(Short web captions)
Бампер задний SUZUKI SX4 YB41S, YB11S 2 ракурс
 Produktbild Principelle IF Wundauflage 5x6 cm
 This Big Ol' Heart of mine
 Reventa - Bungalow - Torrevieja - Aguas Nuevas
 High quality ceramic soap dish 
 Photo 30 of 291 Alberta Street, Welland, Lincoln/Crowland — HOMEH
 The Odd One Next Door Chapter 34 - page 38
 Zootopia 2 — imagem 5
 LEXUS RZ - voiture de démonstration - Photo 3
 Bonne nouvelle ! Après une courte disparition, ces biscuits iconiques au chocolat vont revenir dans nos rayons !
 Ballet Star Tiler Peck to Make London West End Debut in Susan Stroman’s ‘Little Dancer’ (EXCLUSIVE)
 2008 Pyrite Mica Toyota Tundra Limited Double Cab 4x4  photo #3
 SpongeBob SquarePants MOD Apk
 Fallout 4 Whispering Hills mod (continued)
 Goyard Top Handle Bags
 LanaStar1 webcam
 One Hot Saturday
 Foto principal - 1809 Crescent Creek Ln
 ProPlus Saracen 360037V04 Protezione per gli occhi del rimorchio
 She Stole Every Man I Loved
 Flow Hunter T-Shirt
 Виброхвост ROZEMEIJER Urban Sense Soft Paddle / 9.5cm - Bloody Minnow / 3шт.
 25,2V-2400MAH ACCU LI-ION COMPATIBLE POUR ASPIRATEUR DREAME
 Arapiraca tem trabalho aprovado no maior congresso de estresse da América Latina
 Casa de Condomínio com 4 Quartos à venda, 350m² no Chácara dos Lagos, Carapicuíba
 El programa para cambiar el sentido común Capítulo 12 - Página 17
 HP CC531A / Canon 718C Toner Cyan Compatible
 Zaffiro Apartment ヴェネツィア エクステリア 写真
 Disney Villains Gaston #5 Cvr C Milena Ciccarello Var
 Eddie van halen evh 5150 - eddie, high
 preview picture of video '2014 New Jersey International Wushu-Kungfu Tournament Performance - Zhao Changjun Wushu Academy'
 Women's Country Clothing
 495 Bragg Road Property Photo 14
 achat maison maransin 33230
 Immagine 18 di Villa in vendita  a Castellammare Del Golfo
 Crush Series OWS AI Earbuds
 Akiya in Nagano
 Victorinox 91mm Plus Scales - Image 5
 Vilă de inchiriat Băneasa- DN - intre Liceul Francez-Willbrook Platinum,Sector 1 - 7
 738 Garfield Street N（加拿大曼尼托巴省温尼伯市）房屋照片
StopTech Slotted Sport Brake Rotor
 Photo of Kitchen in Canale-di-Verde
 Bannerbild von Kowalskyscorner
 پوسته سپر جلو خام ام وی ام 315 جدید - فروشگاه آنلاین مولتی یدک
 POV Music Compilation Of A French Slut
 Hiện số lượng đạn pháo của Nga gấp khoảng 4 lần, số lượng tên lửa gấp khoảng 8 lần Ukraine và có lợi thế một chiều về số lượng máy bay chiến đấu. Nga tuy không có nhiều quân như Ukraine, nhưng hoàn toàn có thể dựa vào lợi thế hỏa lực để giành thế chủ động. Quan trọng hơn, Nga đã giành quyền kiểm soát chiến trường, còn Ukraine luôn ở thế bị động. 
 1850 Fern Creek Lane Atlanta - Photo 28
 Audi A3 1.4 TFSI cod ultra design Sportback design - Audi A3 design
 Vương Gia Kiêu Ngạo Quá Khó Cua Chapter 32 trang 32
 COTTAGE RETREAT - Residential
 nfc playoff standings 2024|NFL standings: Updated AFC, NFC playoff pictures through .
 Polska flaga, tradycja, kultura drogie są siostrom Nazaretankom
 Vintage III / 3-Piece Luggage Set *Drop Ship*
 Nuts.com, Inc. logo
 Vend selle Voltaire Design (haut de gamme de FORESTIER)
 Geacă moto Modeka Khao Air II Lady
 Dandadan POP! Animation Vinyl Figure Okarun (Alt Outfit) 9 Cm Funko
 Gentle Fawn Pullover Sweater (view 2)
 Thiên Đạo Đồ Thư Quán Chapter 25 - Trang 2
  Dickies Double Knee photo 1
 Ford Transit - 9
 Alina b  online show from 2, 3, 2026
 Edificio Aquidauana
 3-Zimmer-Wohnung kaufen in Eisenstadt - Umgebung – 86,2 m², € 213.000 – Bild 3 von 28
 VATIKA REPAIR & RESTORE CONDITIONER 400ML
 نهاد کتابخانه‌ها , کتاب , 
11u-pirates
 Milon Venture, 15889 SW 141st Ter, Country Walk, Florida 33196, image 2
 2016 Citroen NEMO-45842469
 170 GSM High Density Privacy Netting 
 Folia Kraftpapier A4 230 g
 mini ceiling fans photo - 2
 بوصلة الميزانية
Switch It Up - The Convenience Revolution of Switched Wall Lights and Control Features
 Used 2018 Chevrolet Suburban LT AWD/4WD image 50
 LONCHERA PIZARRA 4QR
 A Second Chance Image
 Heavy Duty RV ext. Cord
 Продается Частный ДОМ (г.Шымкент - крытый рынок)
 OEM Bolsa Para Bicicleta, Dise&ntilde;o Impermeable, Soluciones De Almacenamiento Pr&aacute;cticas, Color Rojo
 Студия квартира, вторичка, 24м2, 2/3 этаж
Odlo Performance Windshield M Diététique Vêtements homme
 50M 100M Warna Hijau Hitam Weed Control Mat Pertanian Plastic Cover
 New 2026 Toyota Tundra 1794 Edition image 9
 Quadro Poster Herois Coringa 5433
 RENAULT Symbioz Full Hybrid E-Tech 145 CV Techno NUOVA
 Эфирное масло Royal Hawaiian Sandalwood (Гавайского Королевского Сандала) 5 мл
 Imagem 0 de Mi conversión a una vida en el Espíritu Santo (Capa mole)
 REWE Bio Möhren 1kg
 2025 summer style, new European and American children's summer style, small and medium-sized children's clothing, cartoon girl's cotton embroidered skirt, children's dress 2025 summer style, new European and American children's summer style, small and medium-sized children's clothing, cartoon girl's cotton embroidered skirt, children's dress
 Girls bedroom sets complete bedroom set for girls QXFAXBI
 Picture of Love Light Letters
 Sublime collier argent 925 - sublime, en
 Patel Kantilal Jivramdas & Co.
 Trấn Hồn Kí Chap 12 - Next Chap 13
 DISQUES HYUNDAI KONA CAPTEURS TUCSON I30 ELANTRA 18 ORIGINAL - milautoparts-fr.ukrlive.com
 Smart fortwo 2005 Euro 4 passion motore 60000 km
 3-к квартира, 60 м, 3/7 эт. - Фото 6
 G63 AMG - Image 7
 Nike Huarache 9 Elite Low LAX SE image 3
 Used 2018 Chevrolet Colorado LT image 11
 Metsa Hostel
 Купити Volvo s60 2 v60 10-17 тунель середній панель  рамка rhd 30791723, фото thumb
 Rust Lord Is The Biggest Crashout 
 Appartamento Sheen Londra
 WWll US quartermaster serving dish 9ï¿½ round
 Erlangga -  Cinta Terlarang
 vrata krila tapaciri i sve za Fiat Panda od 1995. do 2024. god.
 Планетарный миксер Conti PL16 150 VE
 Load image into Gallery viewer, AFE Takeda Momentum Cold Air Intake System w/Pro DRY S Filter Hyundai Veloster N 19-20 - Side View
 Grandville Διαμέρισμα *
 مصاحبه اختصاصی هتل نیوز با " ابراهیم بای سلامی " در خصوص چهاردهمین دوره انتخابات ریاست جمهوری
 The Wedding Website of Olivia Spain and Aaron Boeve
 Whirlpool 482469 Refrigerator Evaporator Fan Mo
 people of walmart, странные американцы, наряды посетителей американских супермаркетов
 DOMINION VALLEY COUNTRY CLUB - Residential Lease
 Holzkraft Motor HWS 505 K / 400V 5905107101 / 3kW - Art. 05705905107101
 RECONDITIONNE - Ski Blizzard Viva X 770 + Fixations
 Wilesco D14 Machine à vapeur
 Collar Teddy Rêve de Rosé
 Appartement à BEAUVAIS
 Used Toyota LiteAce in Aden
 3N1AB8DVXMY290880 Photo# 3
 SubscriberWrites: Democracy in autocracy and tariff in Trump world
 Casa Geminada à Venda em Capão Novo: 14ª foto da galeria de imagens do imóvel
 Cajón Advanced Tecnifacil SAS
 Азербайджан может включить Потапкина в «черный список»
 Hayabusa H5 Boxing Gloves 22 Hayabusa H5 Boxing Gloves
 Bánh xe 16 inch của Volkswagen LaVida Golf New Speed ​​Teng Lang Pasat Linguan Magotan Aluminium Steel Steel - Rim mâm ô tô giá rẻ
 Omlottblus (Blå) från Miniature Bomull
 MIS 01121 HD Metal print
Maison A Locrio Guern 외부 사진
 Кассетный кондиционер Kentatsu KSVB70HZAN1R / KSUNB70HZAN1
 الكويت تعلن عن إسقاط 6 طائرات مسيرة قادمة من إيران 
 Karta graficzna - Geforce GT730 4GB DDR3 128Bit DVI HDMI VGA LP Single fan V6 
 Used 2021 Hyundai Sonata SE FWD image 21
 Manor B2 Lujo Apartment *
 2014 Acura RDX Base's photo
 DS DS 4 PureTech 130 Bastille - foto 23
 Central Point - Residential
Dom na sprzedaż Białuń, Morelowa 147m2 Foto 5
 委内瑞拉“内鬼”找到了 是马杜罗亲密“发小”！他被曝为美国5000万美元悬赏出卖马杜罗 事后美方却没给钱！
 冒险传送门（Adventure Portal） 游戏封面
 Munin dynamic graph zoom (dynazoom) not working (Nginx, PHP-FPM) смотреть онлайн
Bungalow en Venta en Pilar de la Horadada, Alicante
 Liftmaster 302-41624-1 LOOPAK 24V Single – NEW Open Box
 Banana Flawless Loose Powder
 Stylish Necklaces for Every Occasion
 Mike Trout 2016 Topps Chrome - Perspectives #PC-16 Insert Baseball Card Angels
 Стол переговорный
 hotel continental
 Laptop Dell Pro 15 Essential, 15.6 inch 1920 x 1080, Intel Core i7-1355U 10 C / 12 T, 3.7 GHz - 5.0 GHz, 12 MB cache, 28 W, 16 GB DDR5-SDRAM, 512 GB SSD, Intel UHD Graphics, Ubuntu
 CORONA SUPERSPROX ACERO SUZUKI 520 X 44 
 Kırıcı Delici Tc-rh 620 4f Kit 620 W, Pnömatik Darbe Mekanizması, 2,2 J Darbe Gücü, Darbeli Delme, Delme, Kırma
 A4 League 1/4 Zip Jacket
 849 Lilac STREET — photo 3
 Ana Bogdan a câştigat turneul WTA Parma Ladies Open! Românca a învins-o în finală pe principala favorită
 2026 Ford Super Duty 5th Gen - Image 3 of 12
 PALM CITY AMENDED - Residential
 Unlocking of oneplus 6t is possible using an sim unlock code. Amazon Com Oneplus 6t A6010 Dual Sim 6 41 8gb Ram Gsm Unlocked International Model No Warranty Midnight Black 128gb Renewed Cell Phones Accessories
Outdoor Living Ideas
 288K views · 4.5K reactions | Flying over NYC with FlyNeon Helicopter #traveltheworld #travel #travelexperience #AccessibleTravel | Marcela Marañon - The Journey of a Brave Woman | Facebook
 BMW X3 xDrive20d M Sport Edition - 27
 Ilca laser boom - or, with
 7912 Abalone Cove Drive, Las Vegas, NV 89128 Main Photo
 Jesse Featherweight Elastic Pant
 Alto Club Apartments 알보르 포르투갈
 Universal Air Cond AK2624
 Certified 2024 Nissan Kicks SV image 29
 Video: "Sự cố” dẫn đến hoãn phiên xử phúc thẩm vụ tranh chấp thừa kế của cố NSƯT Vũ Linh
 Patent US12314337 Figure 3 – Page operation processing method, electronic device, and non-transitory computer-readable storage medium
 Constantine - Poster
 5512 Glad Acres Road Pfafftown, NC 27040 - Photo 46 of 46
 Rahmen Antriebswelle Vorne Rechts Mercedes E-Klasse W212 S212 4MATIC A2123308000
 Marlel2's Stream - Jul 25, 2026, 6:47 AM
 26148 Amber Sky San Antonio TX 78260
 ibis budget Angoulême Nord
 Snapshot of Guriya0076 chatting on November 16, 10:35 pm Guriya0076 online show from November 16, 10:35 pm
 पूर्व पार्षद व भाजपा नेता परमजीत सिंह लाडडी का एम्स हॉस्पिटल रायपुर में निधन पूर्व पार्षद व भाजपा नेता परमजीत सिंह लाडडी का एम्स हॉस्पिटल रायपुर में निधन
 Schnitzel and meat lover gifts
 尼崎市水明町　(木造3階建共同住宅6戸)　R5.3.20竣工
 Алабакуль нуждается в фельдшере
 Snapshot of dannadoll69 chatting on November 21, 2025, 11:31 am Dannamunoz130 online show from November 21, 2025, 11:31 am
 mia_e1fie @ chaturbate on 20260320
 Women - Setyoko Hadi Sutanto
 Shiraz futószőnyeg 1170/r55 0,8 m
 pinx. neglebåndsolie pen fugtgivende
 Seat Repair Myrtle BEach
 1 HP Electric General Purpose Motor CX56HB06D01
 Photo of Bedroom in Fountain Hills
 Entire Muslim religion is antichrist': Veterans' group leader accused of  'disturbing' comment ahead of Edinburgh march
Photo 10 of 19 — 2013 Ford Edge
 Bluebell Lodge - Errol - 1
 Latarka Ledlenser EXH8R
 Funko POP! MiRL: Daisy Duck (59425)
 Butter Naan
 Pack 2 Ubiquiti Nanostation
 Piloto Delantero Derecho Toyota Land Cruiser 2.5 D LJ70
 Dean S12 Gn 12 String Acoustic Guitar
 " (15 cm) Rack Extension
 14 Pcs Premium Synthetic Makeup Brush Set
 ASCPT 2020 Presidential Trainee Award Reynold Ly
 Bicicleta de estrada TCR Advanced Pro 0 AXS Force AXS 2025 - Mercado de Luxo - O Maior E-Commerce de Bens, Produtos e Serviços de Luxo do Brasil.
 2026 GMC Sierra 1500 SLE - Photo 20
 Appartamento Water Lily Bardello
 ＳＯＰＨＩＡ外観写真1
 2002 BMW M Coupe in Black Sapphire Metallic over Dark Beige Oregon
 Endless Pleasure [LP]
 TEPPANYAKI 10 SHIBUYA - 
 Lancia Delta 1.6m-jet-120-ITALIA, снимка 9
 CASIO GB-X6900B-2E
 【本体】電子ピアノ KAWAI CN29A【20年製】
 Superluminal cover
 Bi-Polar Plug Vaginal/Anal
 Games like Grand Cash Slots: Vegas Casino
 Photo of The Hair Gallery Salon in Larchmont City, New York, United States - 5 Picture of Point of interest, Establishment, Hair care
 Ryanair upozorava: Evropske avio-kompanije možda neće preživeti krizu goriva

■ DIRECTIONS FOR THIS TASK ■
State how many lines in the entries hold "Single", please, with no other words.

■ OUTPUT OF THE TASK ■
2